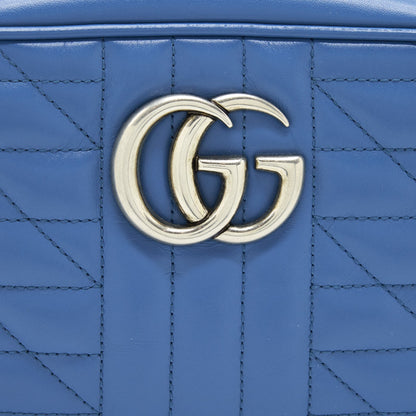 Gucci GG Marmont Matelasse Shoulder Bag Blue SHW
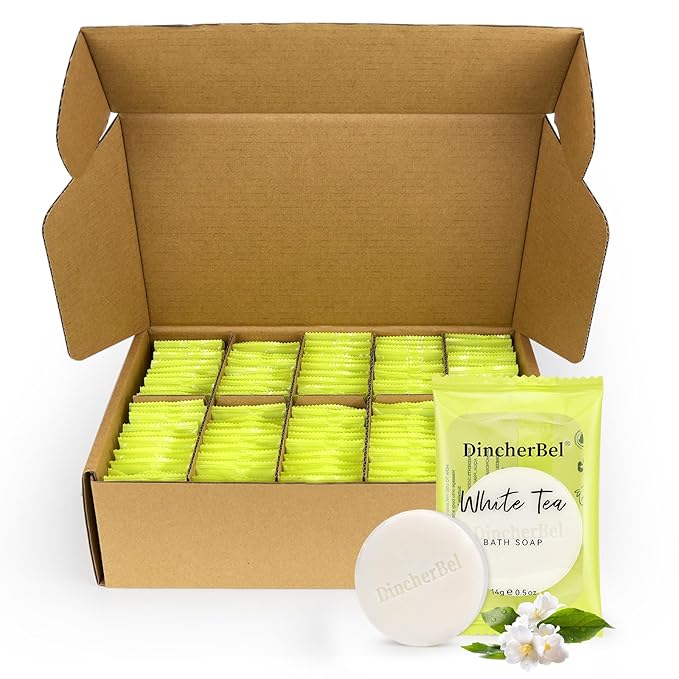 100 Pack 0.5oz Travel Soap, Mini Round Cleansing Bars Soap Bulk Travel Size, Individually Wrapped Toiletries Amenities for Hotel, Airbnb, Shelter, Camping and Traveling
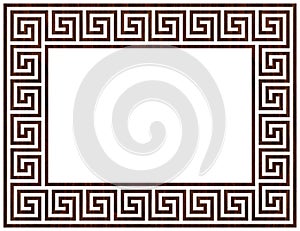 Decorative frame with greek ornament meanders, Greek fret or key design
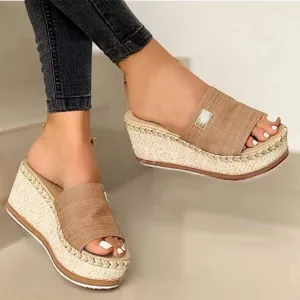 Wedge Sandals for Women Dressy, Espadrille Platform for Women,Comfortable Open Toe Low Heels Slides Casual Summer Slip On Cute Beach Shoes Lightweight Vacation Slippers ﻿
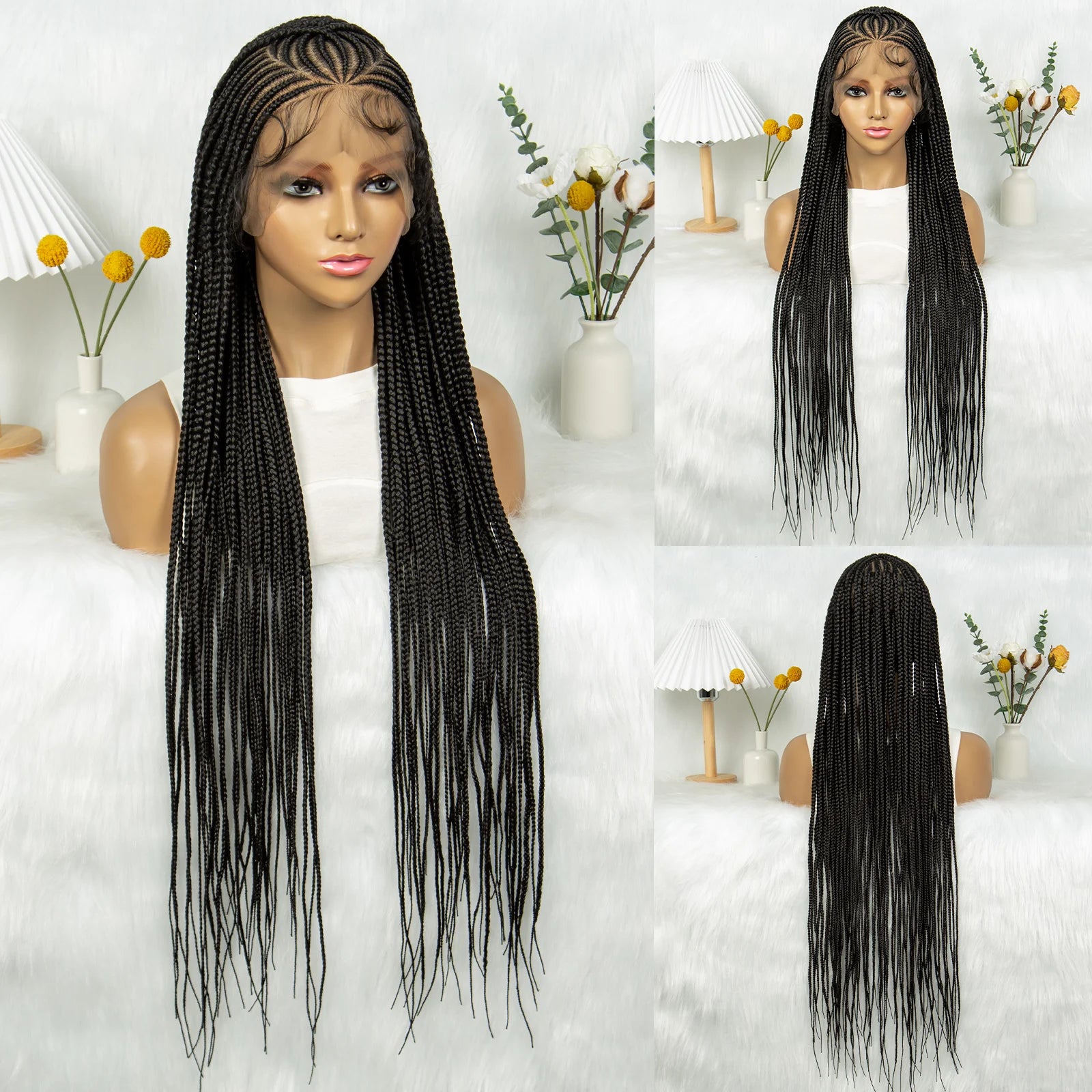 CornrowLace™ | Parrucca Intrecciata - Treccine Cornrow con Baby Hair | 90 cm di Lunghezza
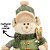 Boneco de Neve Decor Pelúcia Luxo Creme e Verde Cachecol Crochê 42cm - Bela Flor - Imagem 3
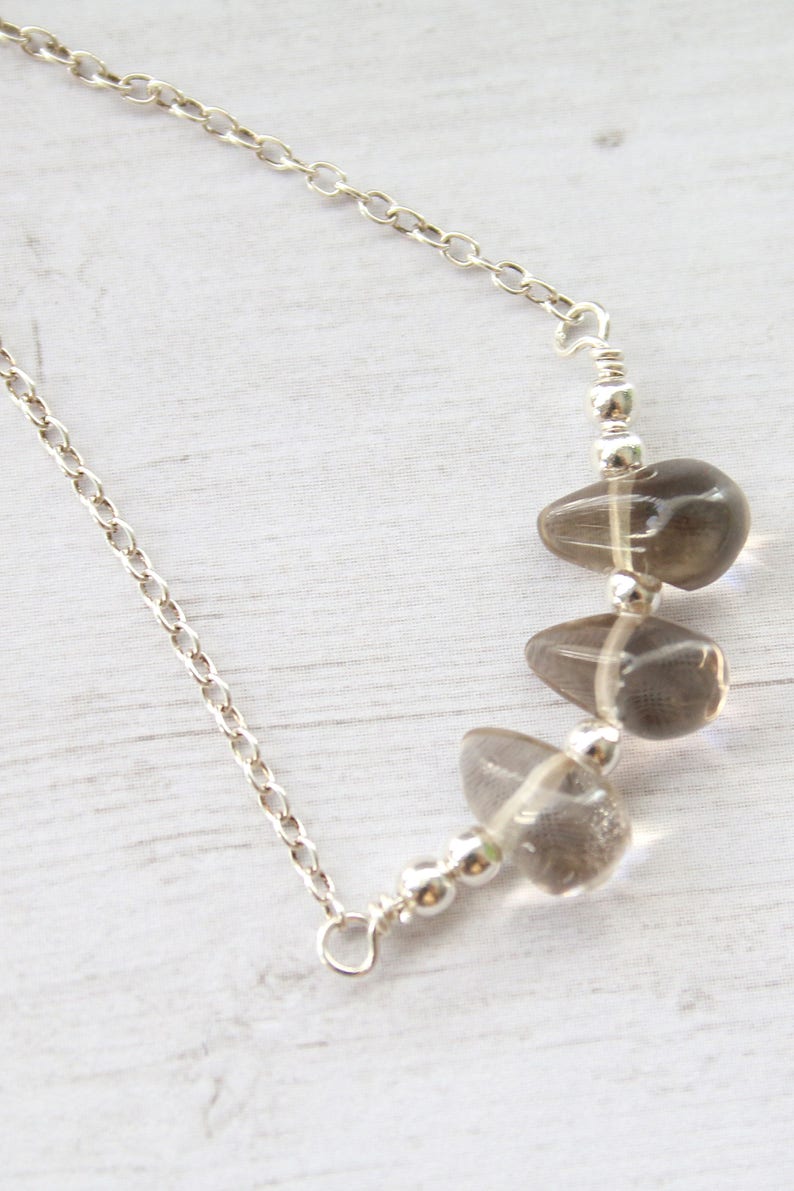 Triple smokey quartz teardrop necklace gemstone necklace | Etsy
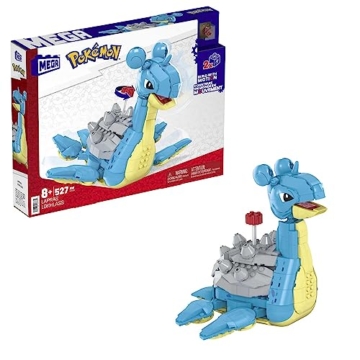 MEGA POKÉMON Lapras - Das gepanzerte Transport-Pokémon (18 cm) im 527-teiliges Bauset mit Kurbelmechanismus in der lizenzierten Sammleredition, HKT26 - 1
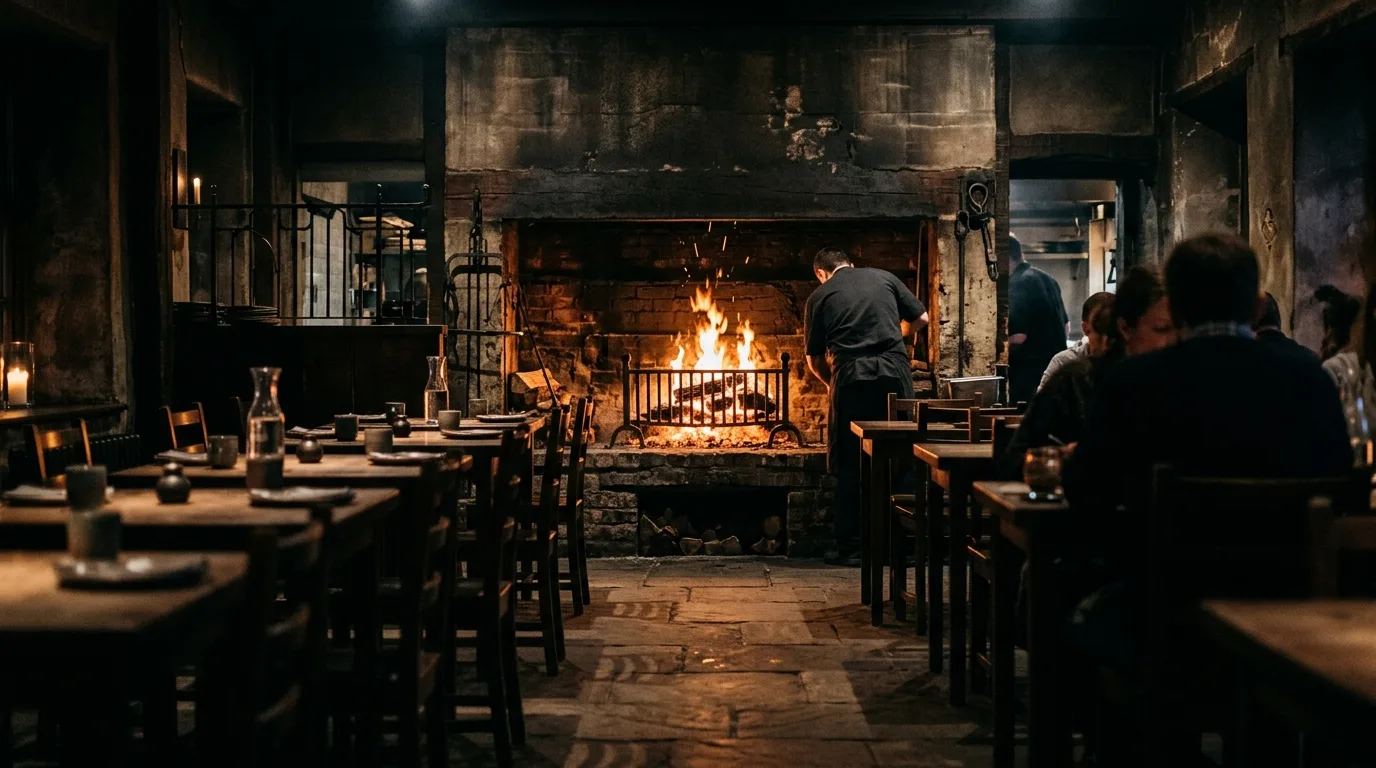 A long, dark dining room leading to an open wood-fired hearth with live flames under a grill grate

### TASK GOAL
After dropping the pictures, please set down the lines from the beginning of the listing through the line containing "Decorative frame with", both included, exactly as they stand.

### EXERCISE RESPONSE
 Gucci GG Marmont Matelasse Shoulder Bag Blue SHW
 100 Pack 0.5oz Travel Soap, Mini Round Cleansing Bars Soap Bulk Travel Size, Individually Wrapped Toiletries Amenities for Hotel, Airbnb, Shelter, Camping and Traveling
 Decorative frame with greek ornament meanders, Greek fret or key design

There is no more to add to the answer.